The novelty in the furlough scheme is the state covering not only 80% but 100% of the wages in companies which are closed due to government-imposed restrictions.
Since the minimum wage increased this month, the minister deems it right that part of the cost is temporarily covered by the state.
A subsidy of EUR 50 per minimum wage worker is planned for the first half of the year, while in the second half, employers will be exempt from paying social security contributions for their workers, said the minister.
The bill expands the groups eligible for a one-off allowance to include secondary schools students aged 18 or more and university students studying abroad, as well as some disabled workers and war veterans. Those who became unemployed after 12 March 2020 will also received EUR 150.
Aid for providers of public road and railway transport is being extended by three months, that is mostly until the end of June. The Red Cross and Caritas will also receive additional funds, said Cigler Kralj.
As for the elderly, those who have been infected with coronavirus and need more hospital treatment after the illness and those who cannot be discharged home will be eligible to prolonged treatment and care, including to physical and work therapy, he said.
The opposition was critical that the invitation to trade unions to today’s session had been sent out only 40 minutes before the session, so they did not attend it.

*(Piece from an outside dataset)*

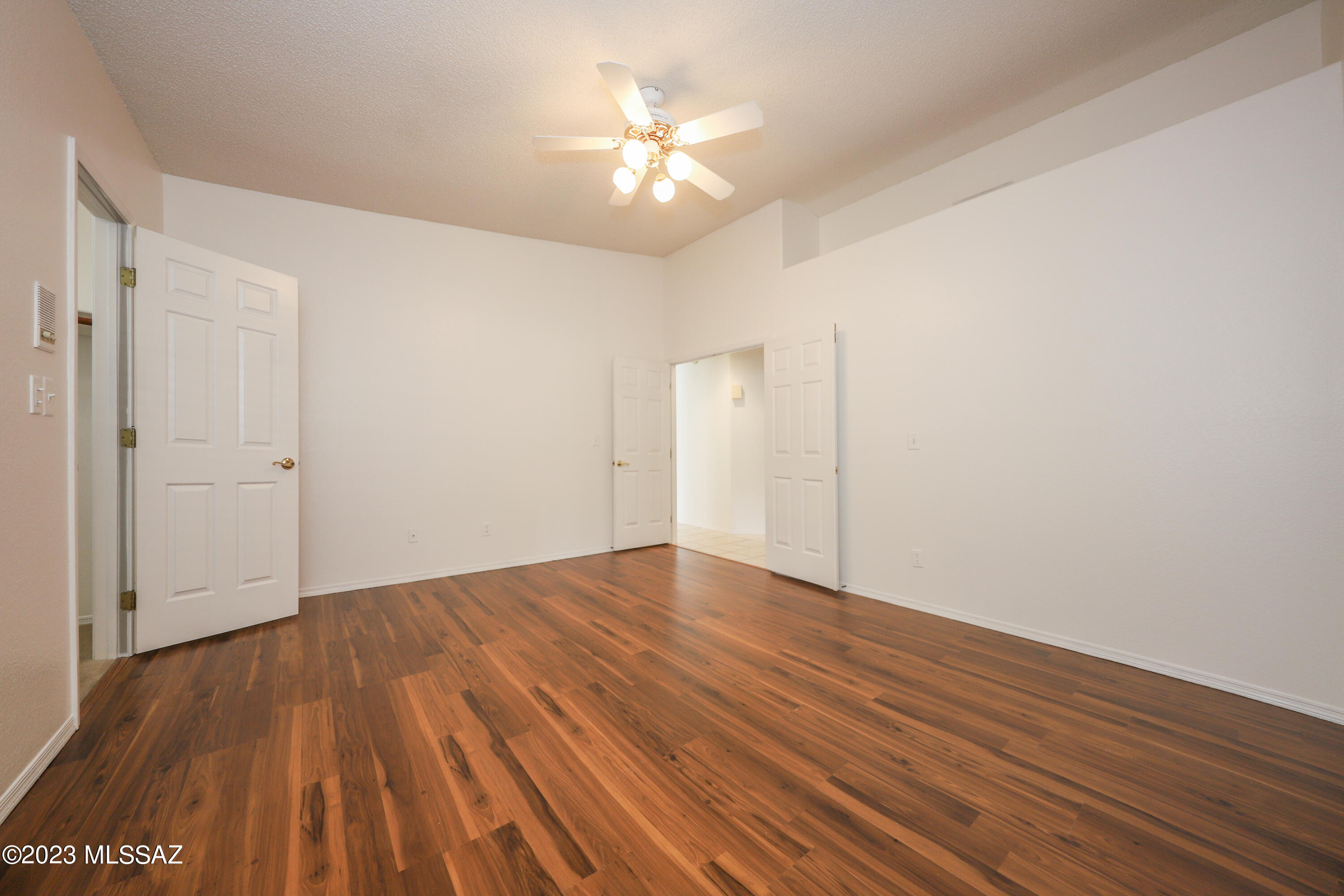 Linda Vista Estates(1-563) - Residential Lease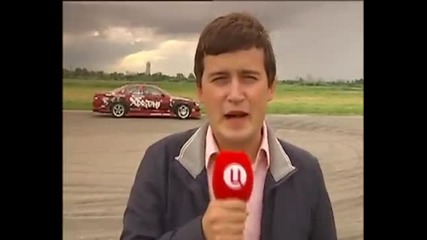 Дрифт кола блъска руски репортер в ефир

The head of the OZS chamber of small business, Branko Meh, meanwhile said the state aid was welcome but business people would foremost like to be able to work again.
Some other opposition MPs highlighted the same issue, with Zmago Jelinčič of the National Party (SNS) saying people should be allowed to work.
Marko Bandelli of the Alenka Bratušek Party (SAB) added that “the government has brutally stopped all activities”.
Bandelli and Andreja Zabret of the Marjan Šarec List (LMŠ) criticised the government for distributing “candies” while not having prepared an exit strategy yet.
Edvard Paulič of the LMŠ said the measures taken so far had not been effective enough, with Zabret adding they were also too complicated and too slow. They should also be better tailored to individual sectors.
Miha Kordiš of the Left criticised the government for what he said was a mere EUR 370 million distributed among households, while five times the amount went to capital and capitalists. As a result, workers come to work infected or even ill, which could be prevented with a 100% salary compensation in case of Covid-19 infection.
The ruling Democrats (SDS) begged to differ, with Eva Irgl saying: “The government is doing its job very well and people see that.” Marjan Pojbič added that with the seven economic stimulus laws, the government had protected at least 300,000 jobs.